All seven boat trips take place on flat or moving water (no whitewater involved). Many students who choose to canoe have never been in a boat before, or if they have, it was on a sixth-grade trip where they had grapes for lunch and some kid was sick on the bus home. There is plenty of time to learn, and the daily mileage is not unreasonable for beginners. Most of these trips also include a day hike up a nearby mountain, just so you don't spend the whole time sitting down.
The ever-popular combination trips have been refined over the years to give one of the best Adirondack experiences possible. All choices have two trips which start at either end of the route and work towards each other. When they meet in the middle, backpacks are switched for canoes and vice versa, and each trip continues on (except the triple combo - go to the page for more details on this burly trip).
Rock Climbing and Giant Mountain Combination Trips
This trip begins at Chapel Pond, on the outskirts of Keene Valley and will camp close by at a state-run campsite. We’ll go over everything you need to know, so don’t worry if you're a first-time climber. In fact, if you’re a strong (5.8 or higher) or experienced climber, this is not the trip for you. There will be plenty of other chances to meet climbers and crank the hard stuff when the climbing wall opens.
There are two sea kayaking trips, and both travel approximately the same distance, about 25 miles. You should be prepared to paddle for five or six hours a day, getting a little out of breath just like you would on a hike. Lake Champlain is more spicy because the lake is bigger and the wind can pick up.

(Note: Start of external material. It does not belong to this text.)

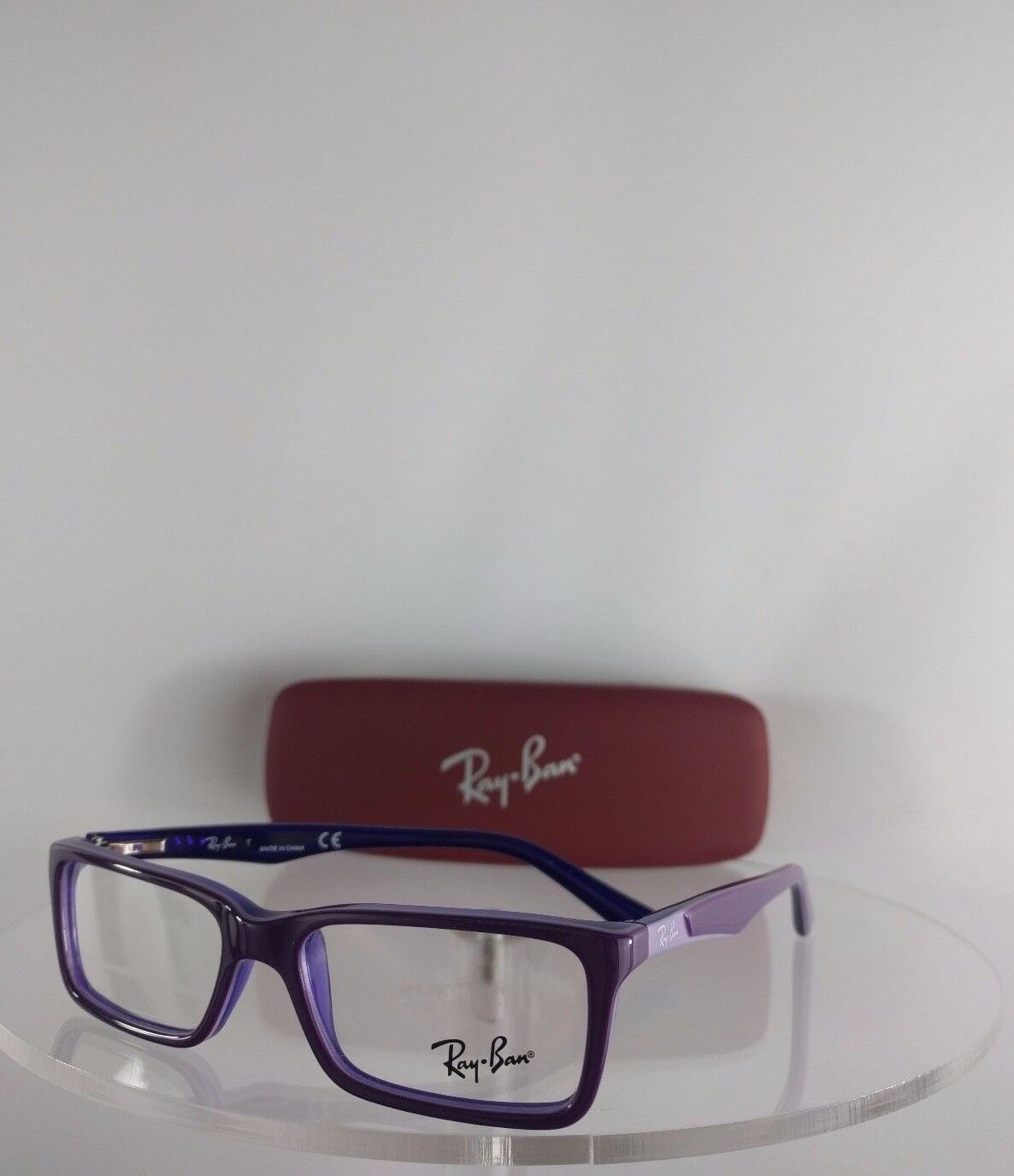 Brand New Authentic Ray Ban RB1534 Junior Eyeglasses RB 1534 3589 Kids Frame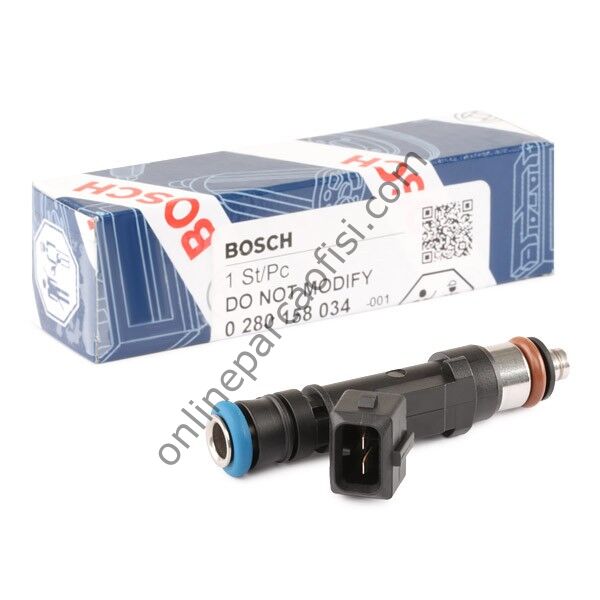 BOSCH BCH 0280158034 | RENAULT LOGAN/SANDERO ENJEKTÖR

Mountain biking is a great way to interact with the land, have fun and make new friends. It's a ton of fun! The trip operates out of a campground (showers every day!), sometimes driving to a new trail area, but always operating in terrain appropriate for each rider. Participants should be able to ride a bike for at least 45 minutes without stopping, at 10 miles an hour or more. Some mountain biking experience is strongly recommended. This is a spicy trip, you will be out of breath for extended periods of time; if you're not a seasoned bike rider, but are or have been an endurance athlete, then you'll do fine. Bring your bike or borrow one of ours. If you've never ridden off-road before, on a rough surface (not just bike paths or gravel roads, but on narrow trails), then this isn't the trip for you, but there are classes once the semester begins.
Fancy a little bit of everything? Need a little less of a wilderness setting? Then Basecamp is for you. You will be in the same-sized small group, camping in tents with dedicated trip leaders like any other Adirondack Adventure experience, only your trip will be based at a summer camp in the woods. Every day will be a mild to medium level day trip. There will be at least one day of hiking, one of canoeing and a third day of some other fun outdoors activity, like ropes course or whitewater rafting.